DATA FOR ANALYSIS START

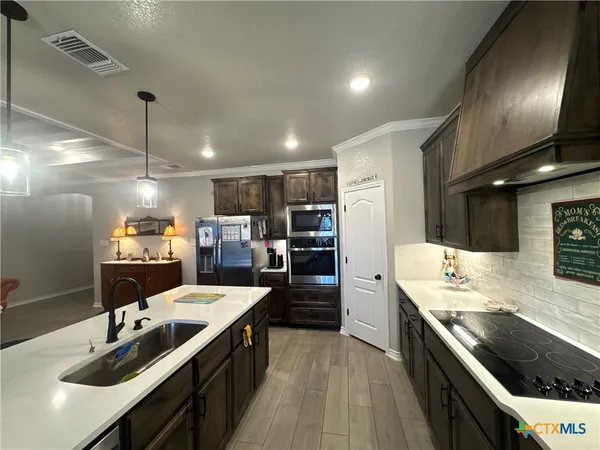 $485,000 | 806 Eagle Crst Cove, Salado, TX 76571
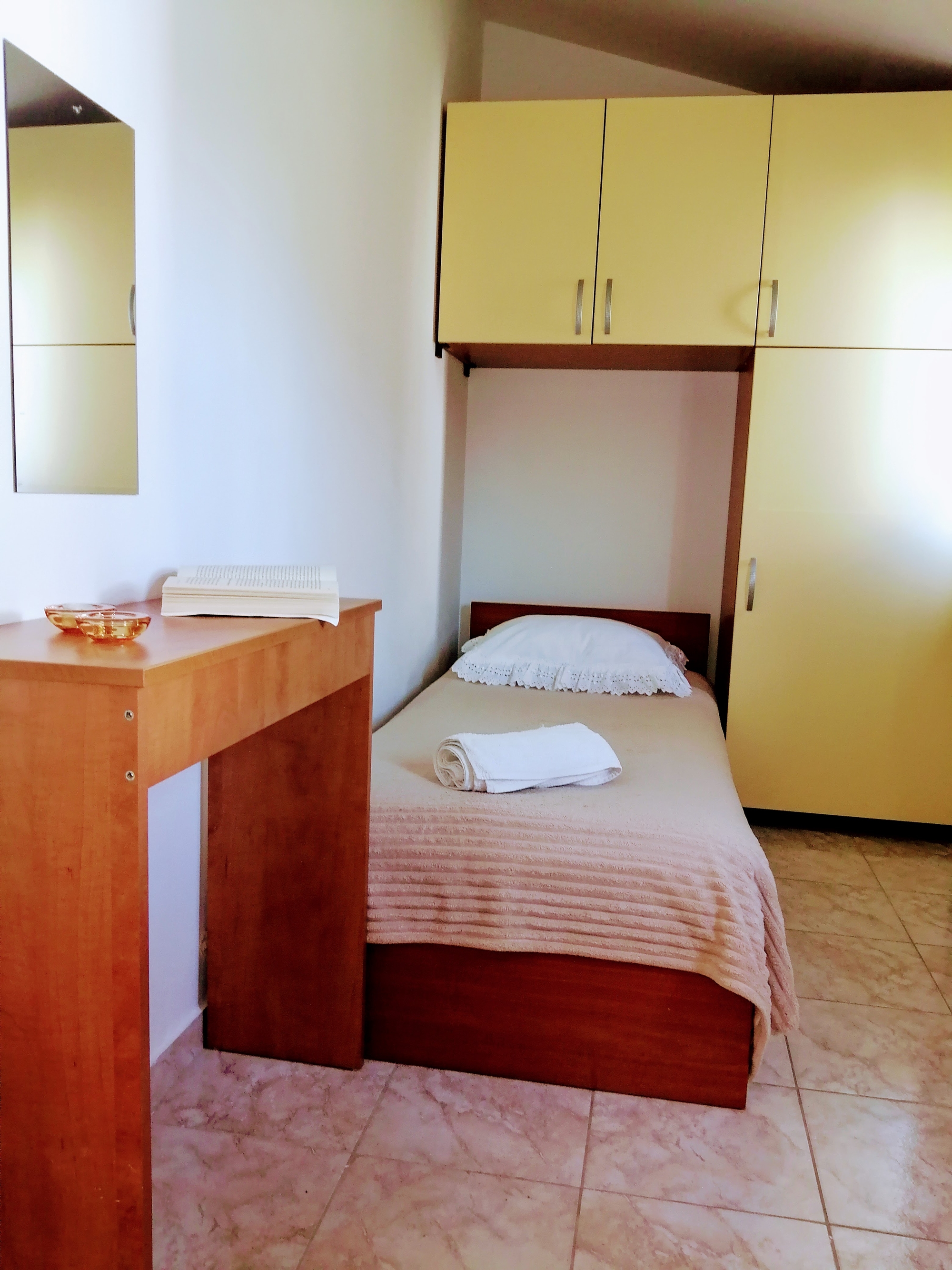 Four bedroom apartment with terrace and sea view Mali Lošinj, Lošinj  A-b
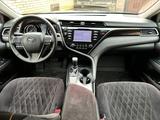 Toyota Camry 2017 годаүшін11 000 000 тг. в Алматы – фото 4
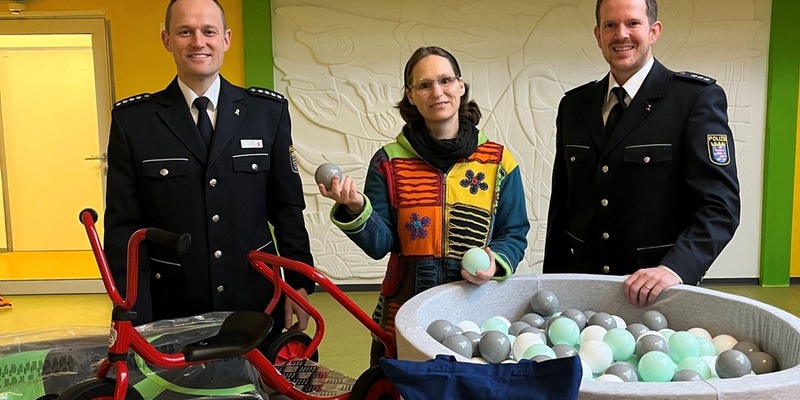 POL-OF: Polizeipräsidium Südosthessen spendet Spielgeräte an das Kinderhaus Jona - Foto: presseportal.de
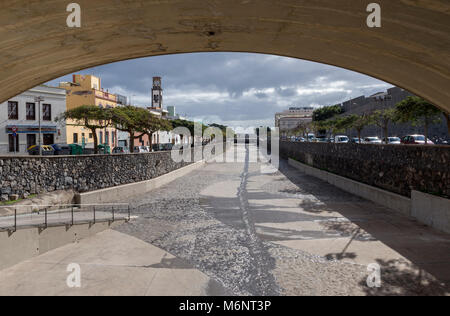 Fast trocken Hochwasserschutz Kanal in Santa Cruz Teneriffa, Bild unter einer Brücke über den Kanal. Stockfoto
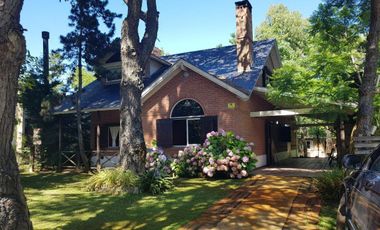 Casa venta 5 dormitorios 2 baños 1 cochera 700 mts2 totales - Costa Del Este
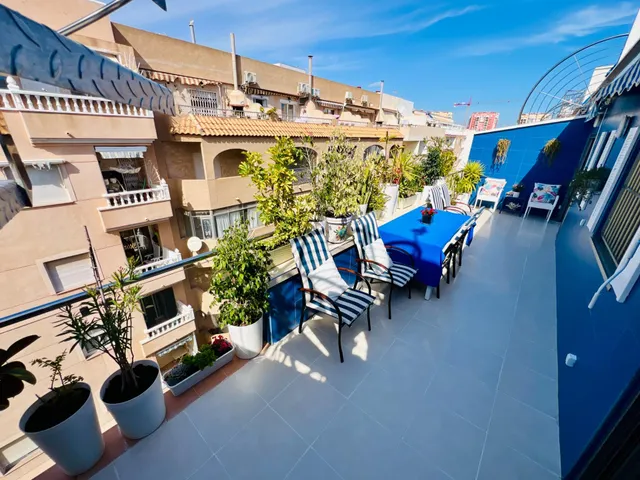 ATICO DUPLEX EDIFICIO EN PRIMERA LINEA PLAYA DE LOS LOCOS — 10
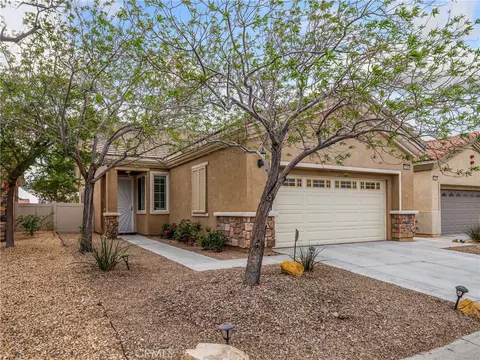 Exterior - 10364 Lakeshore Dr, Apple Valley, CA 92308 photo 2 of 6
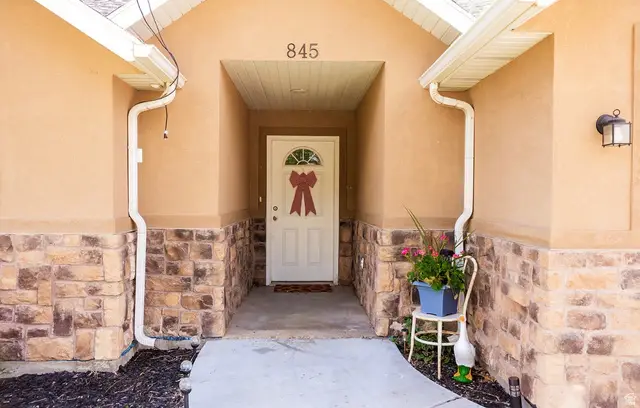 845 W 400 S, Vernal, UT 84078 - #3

DATA FOR ANALYSIS END

[WORK ORDER]: The copy you give must run from the line containing "Casa venta 5" through the last line of the records, exactly, with the pictures left out.

[RESPONSE BELOW]:
 Casa venta 5 dormitorios 2 baños 1 cochera 700 mts2 totales - Costa Del Este
 ATICO DUPLEX EDIFICIO EN PRIMERA LINEA PLAYA DE LOS LOCOS — 10
 Exterior - 10364 Lakeshore Dr, Apple Valley, CA 92308 photo 2 of 6
 845 W 400 S, Vernal, UT 84078 - #3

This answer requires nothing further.